Committee recommendations:

The committee has the following recommendations for the BOD to consider regarding increasing our capital reserve funding over the next five fiscal years:

OPTION ONE: increase the Capital Reserve contribution rate (3% each fiscal year) as recommended by the reserve study with no special assessment. This achieves the goal of increasing the Capital Reserve fund over the next five years. It also allows for special assessments per building if needed at a future date. In our meeting, we agreed that a Capital Reserve balance of $500,000 seems to be more than sufficient. It should be noted that the majority of the committee (five of who responded) favored this option.

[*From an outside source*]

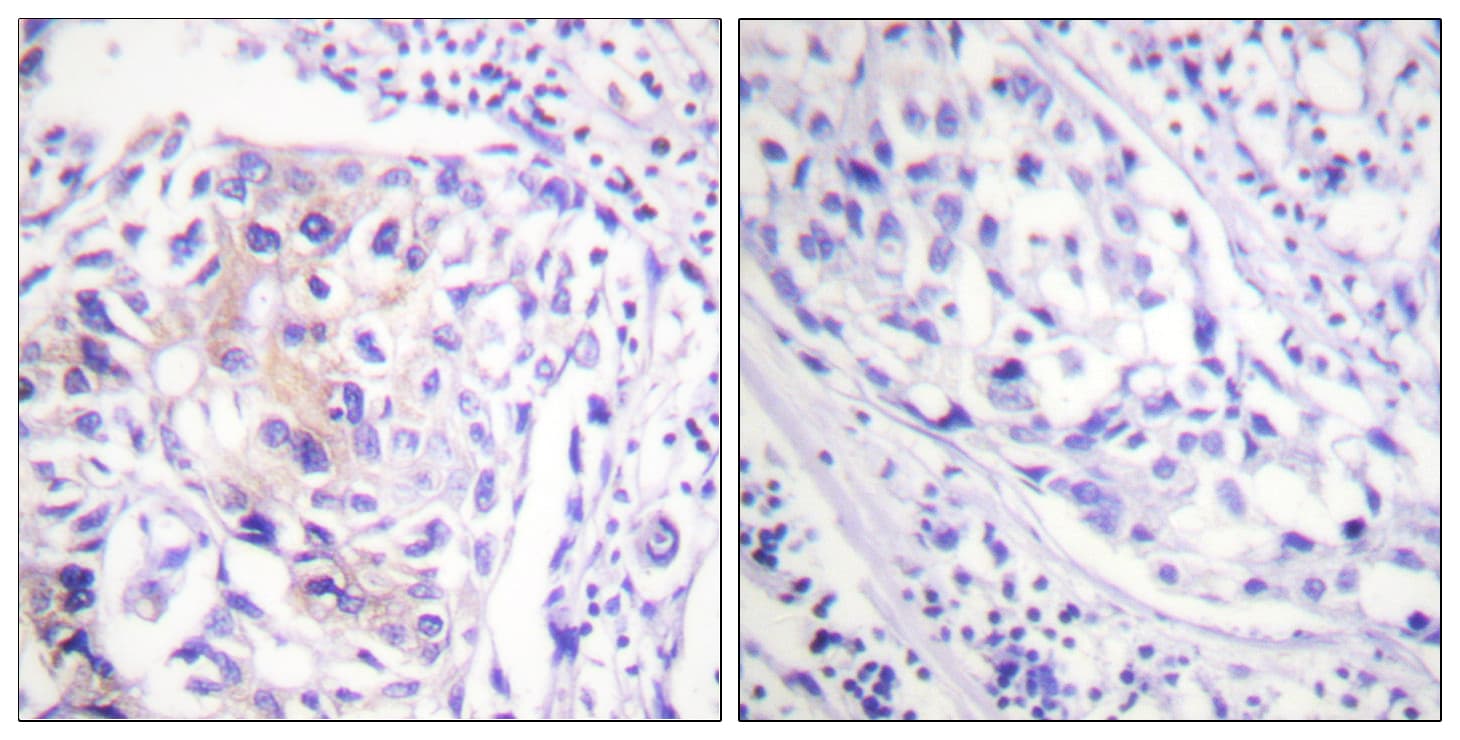 c-CBL Antibody (phospho-Tyr774)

OPTION TWO: increase the annual Capital Reserve contribution rate at 2% with a minimal special assessment to achieve the capital reserve balance of $500,000 over five years. Some committee members were concerned about a 3% annual increase in HOA fees that may not end once we reach the five year goal of $500,000. In this option a special assessment of $30,000 could be billed over four quarters.

OPTION THREE: increase the Capital Reserve contribution rate as recommended by the reserve study with the $1,725,000 special assessment. This was met with the most resistance by the committee as we felt that creating a Capital Reserve balance in the millions seems excessive and would be met with the most consternation by owners.

OPTION FOUR: increase the Capital Reserve contribution rate (3% each fiscal year) at an amount lower than that recommended by the reserve study (starting at $277,000 instead of the reserve study recommendation of $352,000) with a special assessment of $400,000 spread over twenty quarters (five years). This achieves the goal of creating a Capital Reserve balance of $500,000 and maintaining the Capital Reserve fund balance over the next five years. This option would also likely to be very unpopular with owners. 

We would also recommend that an annual increase in capital reserve funding for the garages should be a separate line item in the garage capital reserve and maintenance expense report. This way garage owners can confirm that the approved increase is going directly to the garage reserve fund rather than to the general maintenance fund.